本書は、まさにそのヒントとなるような作品だ。フィンランドのSF&ファンタジー系の作家が2013年に刊行した思弁小説(スペキュレイティヴ・フィクション)なのである。このサブジャンルは、欧米SFでは60年代ニューウェーブの頃から盛り上がったものだが、本書はそのスタイルを継承しつつも、21世紀の世界情勢を北欧視点で鋭角的に批評し、エッジで芸術的な作品にまとめている。その文学性は志の高さを示しているようで、目を見張る。

冒頭、人類を個人の集合とみなすのか、ある一定の方向性を持つひとつの大きな種とみなすのかという問いかけから始まる。個か全体かという問いは、かつてなら民主主義と全体主義との葛藤を思い起こさせるものであるが、現代なら、今や地球という惑星を食いつくさんばかりの人類が、どっぷりと浸りきっている人工的世界というシステムの自走性と向き合わざるを得なくなっている状況を、浮かび上がらせる。

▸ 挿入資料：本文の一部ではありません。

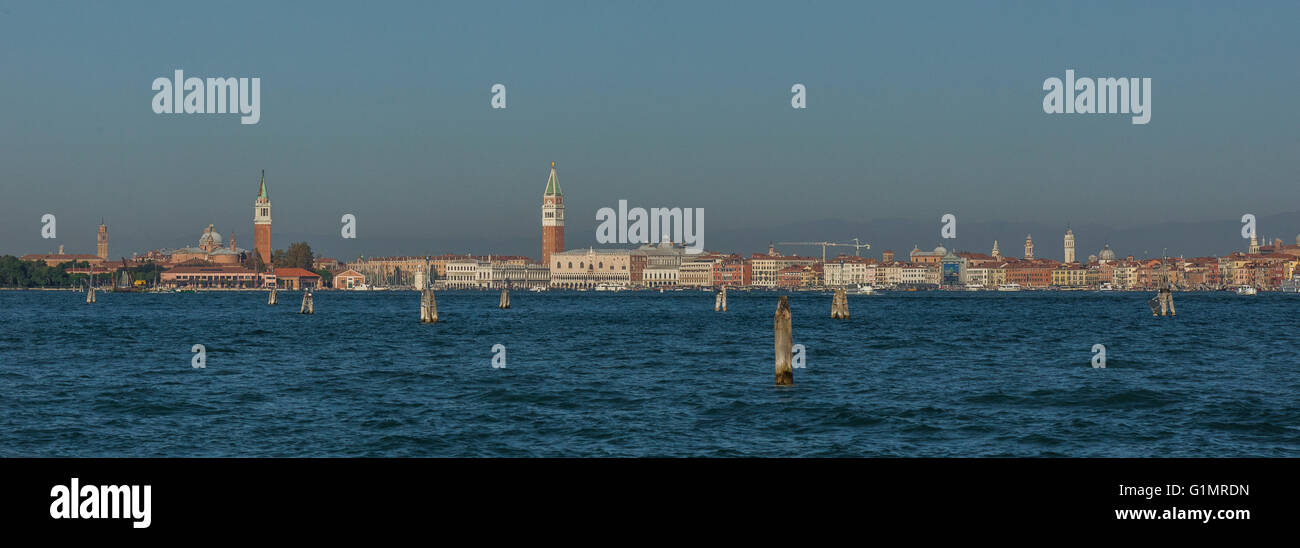 view of Venice from laguna with San Giorgio Maggiore (le), Campanile San Marco and doge's palace (ctr) Stock Photo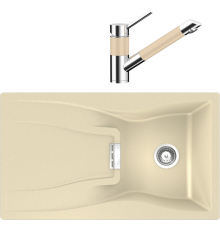 Комплект Мойка Schock Waterfall 45D (D-100) Cristadur аворио, интегрированная + Смеситель Cristadur SC-200 аворио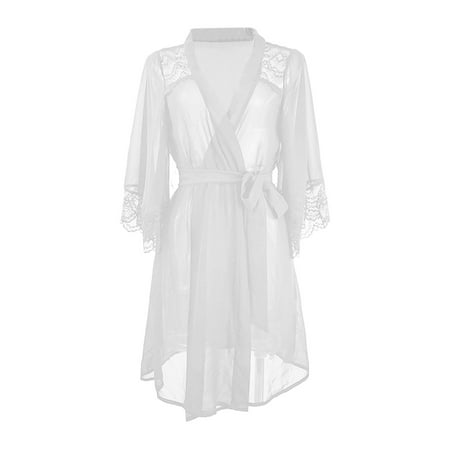 Aayomet Lingerie for Women Women Lace Kimono Robe Chiffon Lingerie Mesh Chemise White S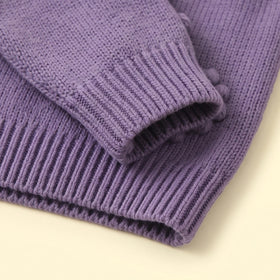 Girls Purple Floral Raglan Sleeve Cardigan Sweaters & Cardigans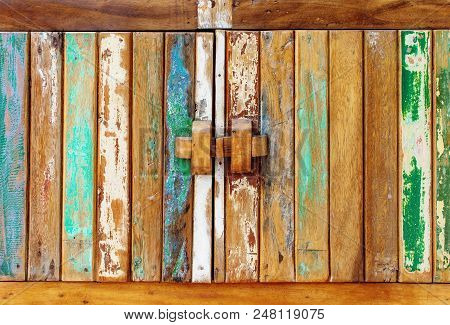 Decorative And Colorful Wood Furniture. Painted Wooden Plank Background. Old Weathered Wood Texture.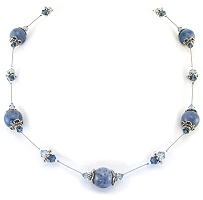 Denim Dream Necklace-sponge coral necklaces, swarovski crystals necklace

イントロに続いて、ホテル・サピエンス、つまりホモ・サピエンスたる人類の宿泊施設に集う人間たちの様子が吟味されていく。この奇妙な場所は、有害物質を含む濃霧によって外部から隔てられ、外がどうなっているのかは不明ながら、たとえ外で世界が滅びても、しつこくサバイバルし続けることができるらしい。秀逸なのは、そうした滅亡の危機感を超越したシステムの代理人が看護人らと呼ばれる連中なのだ。彼らは「時計」とあだ名され、クローンのような修道女たちを手下に日々集められた人々を監視する。標本箱に収められたかのような人々が登場し、その様子が描かれていく。様々なものに恐怖を覚える恐怖症のH.H.氏、システムを批判し続けるヒッグス氏、常識にしがみつく常識夫人に、視覚に関して考察する失明した眼科医などなど。彼らの存在は標本箱に入れられた人間見本というより、彼らの考えや行動を通して、老人福祉施設とも、学校とも、軍隊とも、難民キャンプとも病院とも監獄とも言えそうな変幻自在のホテル・サピエンスの設定が考察される。そして、それが文明社会の縮図として寓話化されていることが理解される。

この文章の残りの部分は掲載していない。